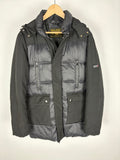 Woolrich boble jakke / parkas  (M)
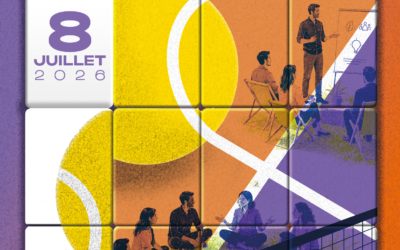 Les Rencontres RH de l&rsquo;Open88 – Édition 2026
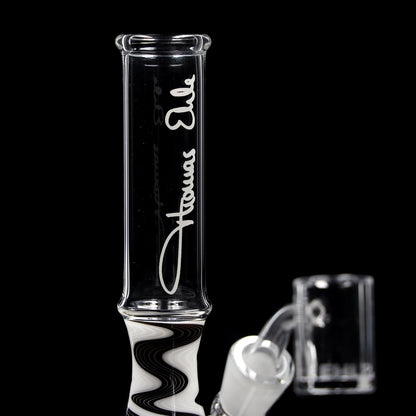 100ml with color section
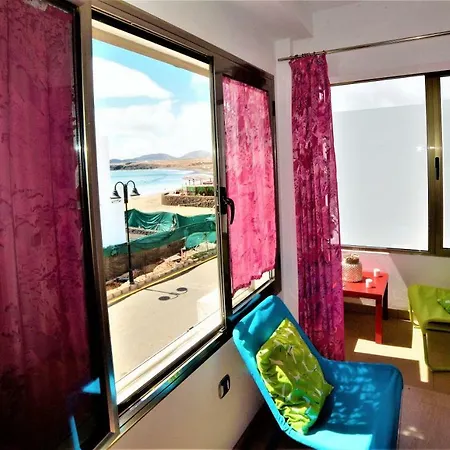 Evita Arrieta Casa vacanze
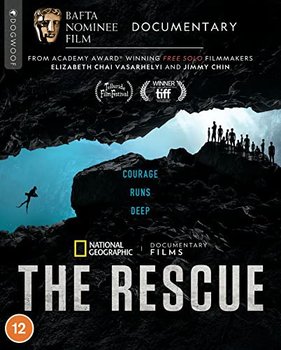 The Rescue - Leong Po-Chih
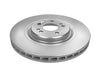 Meyle PD Brake Rotor Single 345mm Front 083 521 2056/PD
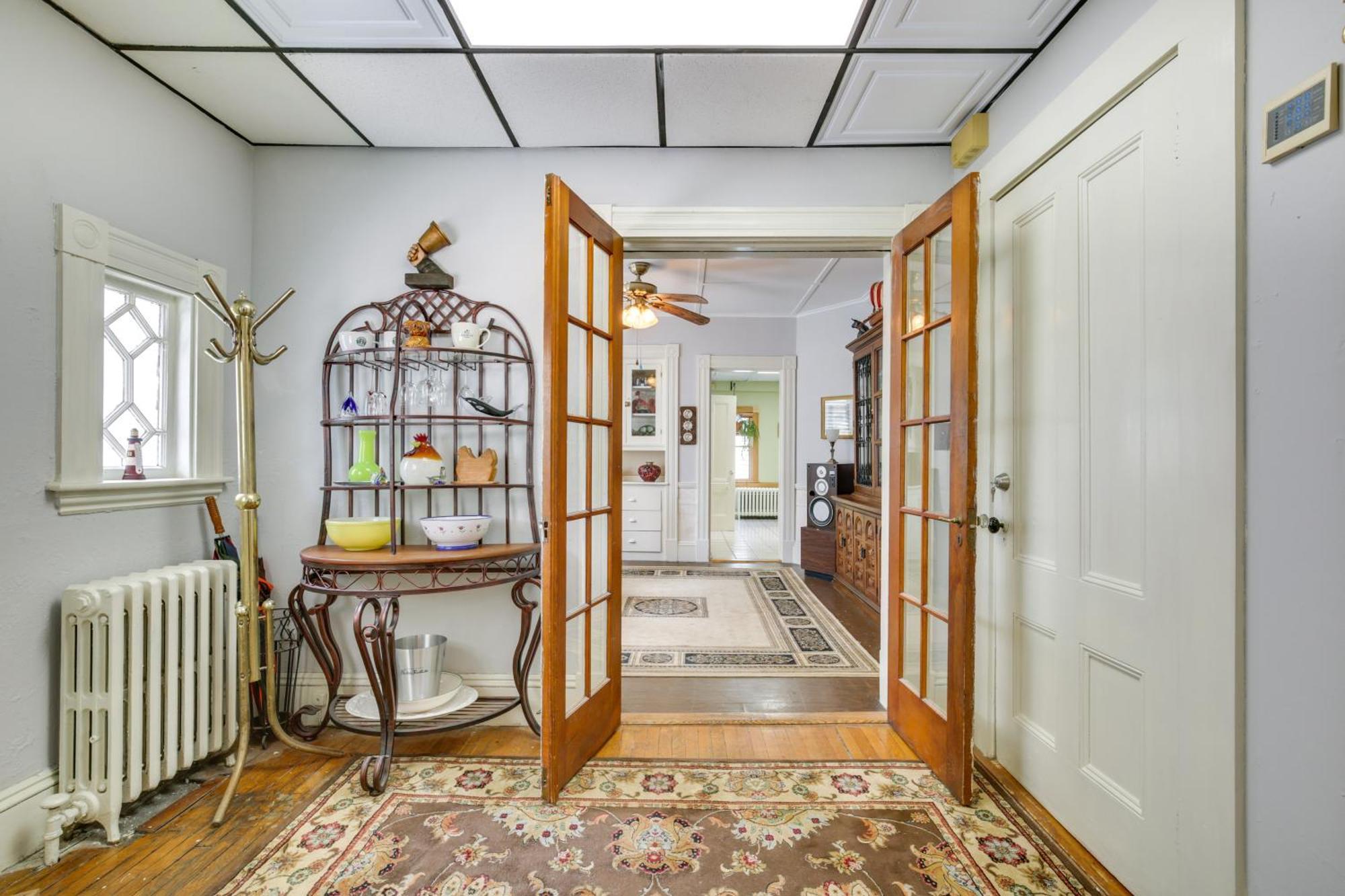 Quaint Beverly Townhome Walk To Beach And Downtown! Экстерьер фото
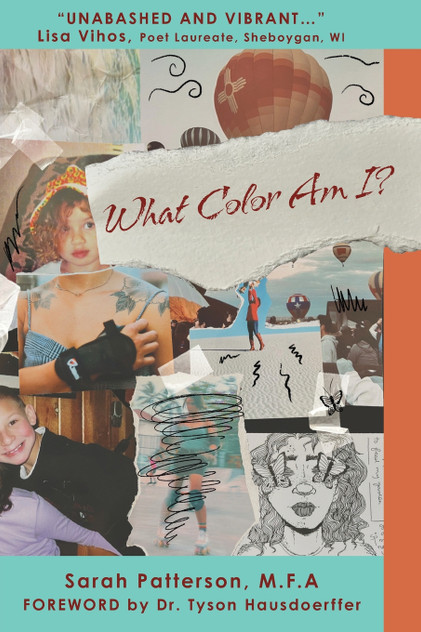 What Color Am I? What Color Am I?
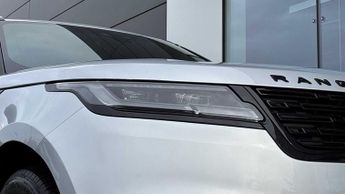 Land Rover Range Rover Velar Dynamic SE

About this exercise
Every line from the one with "100ml with color section" through the last line of the material gets printed exactly, and nothing more. Omit the pictures.

Output of the task
 100ml with color section
 Evita Arrieta Casa vacanze
 The Rescue - Leong Po-Chih
 Meyle PD Brake Rotor Single 345mm Front 083 521 2056/PD
 Quaint Beverly Townhome Walk To Beach And Downtown! Экстерьер фото
 What Color Am I? What Color Am I?
 Land Rover Range Rover Velar Dynamic SE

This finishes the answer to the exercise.